● **What you should do**: Please repeat only the lines below starting at the line that holds "BEKO VRT61814VR - Mise en situation" and ending at the line that holds "2 days in Kathmandu with Golf", exactly, with both of those lines included and every picture omitted.

━━━━━ Raw data ━━━━━

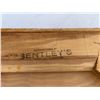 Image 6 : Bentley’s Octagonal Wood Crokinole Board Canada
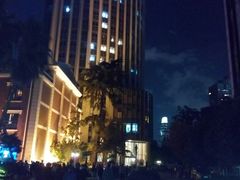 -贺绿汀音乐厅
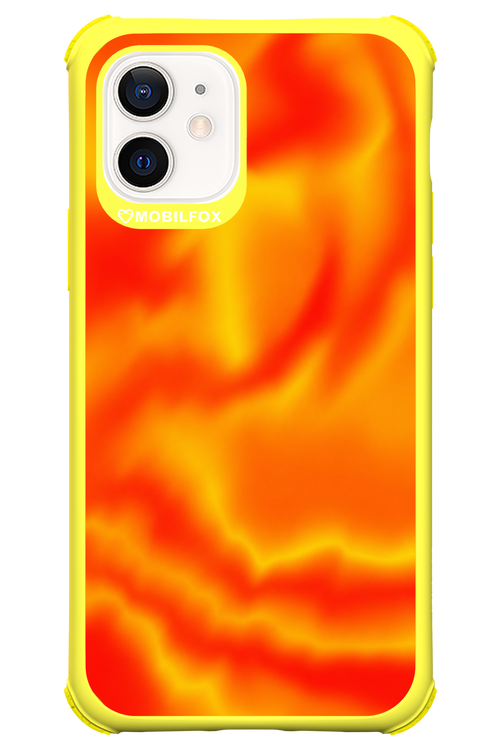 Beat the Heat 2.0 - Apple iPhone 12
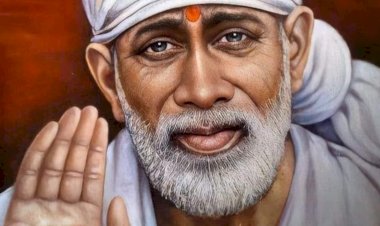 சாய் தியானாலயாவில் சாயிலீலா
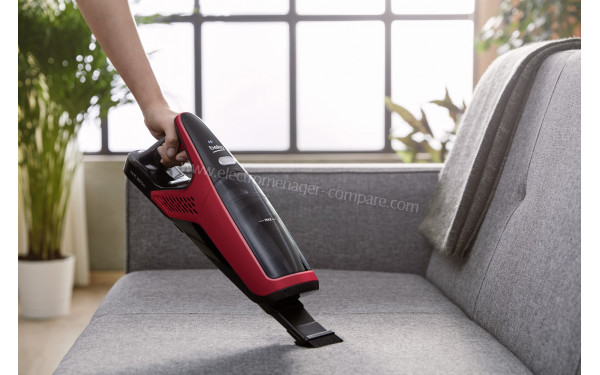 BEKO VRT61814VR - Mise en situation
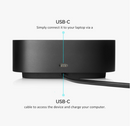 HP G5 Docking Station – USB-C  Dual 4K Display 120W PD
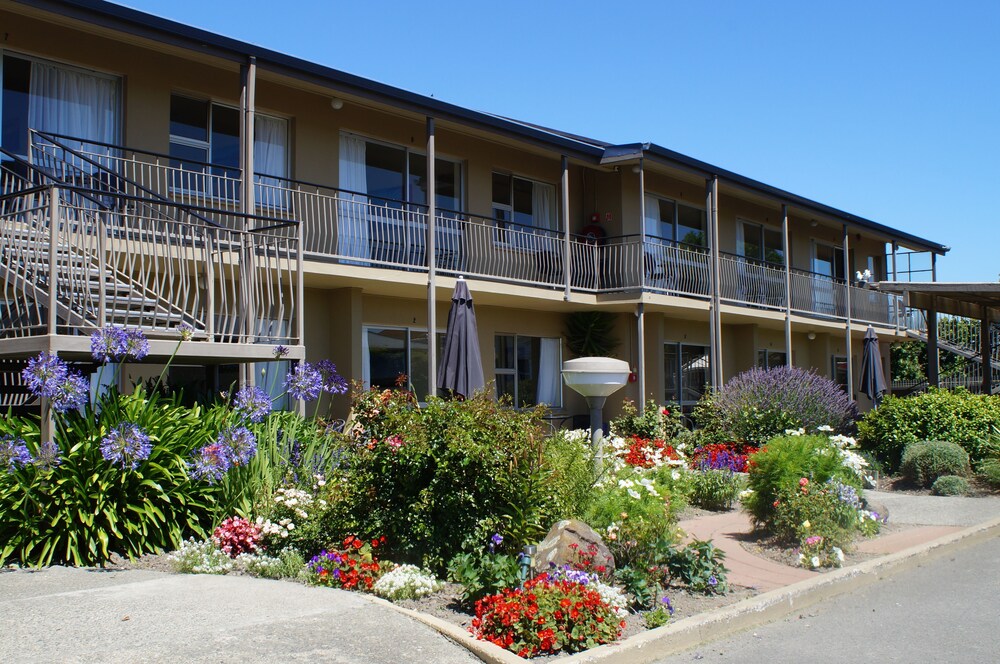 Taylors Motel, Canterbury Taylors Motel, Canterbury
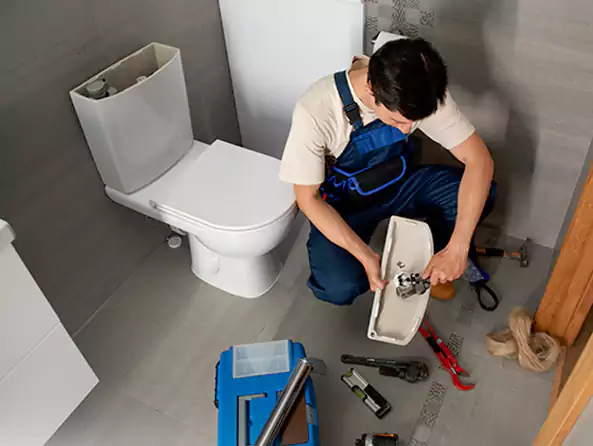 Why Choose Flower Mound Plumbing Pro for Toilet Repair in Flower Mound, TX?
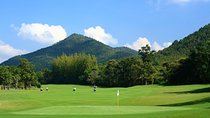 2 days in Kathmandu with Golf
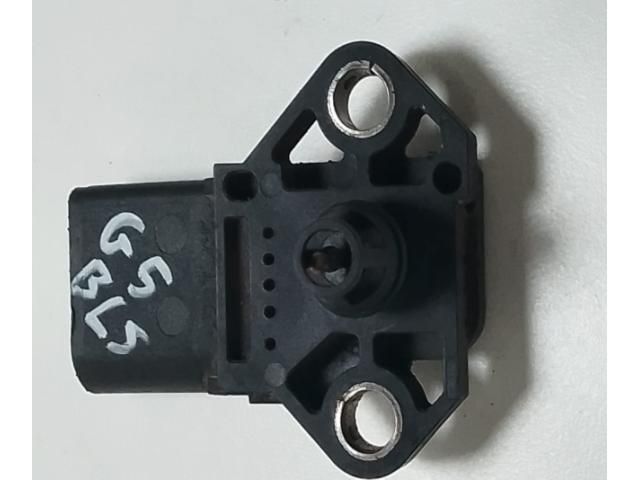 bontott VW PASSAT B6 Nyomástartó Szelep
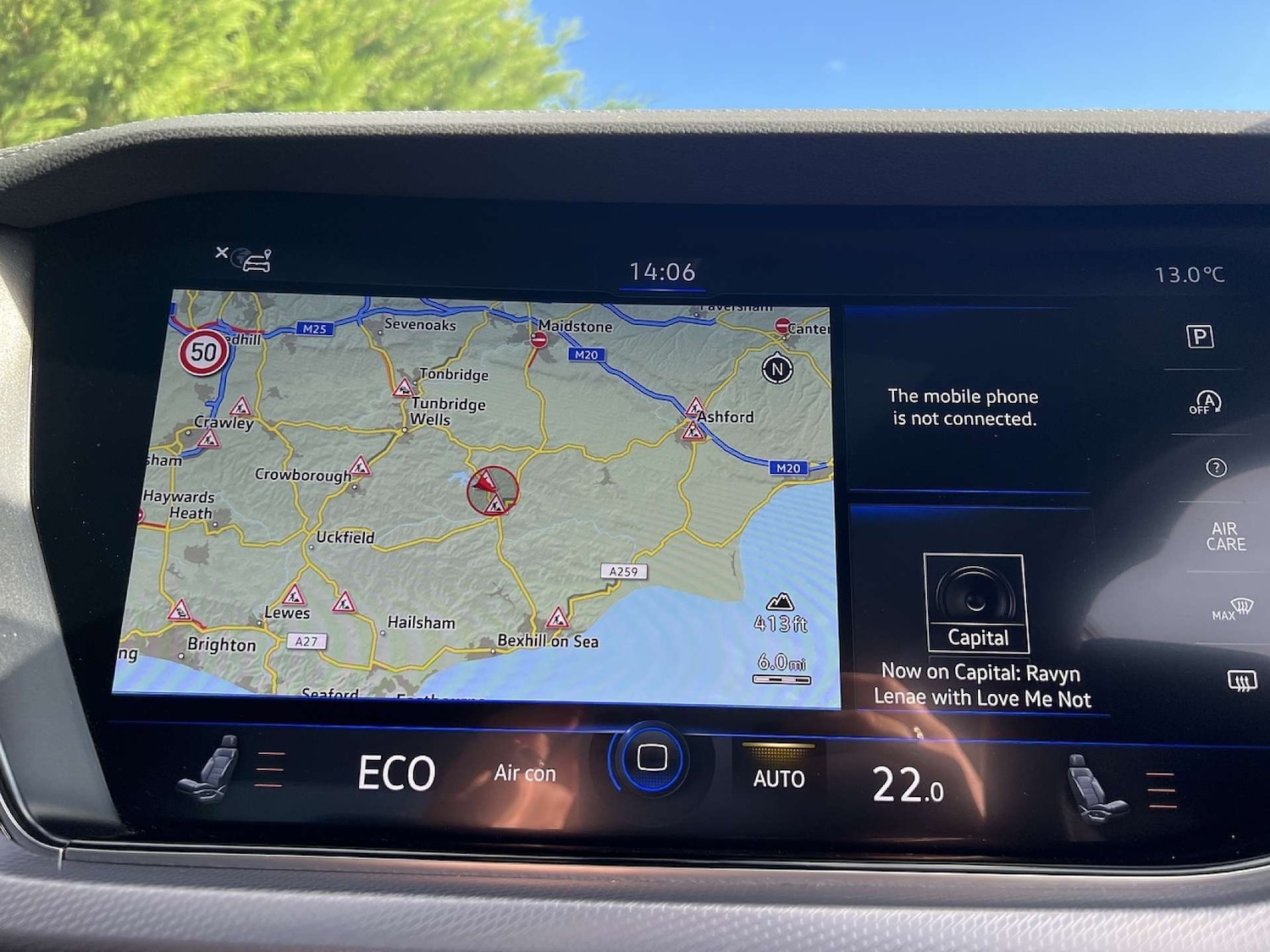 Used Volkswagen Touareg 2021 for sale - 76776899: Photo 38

━━━━━

● **Written solution**:
 BEKO VRT61814VR - Mise en situation
 HP G5 Docking Station – USB-C  Dual 4K Display 120W PD
 Taylors Motel, Canterbury Taylors Motel, Canterbury
 Why Choose Flower Mound Plumbing Pro for Toilet Repair in Flower Mound, TX?
 2 days in Kathmandu with Golf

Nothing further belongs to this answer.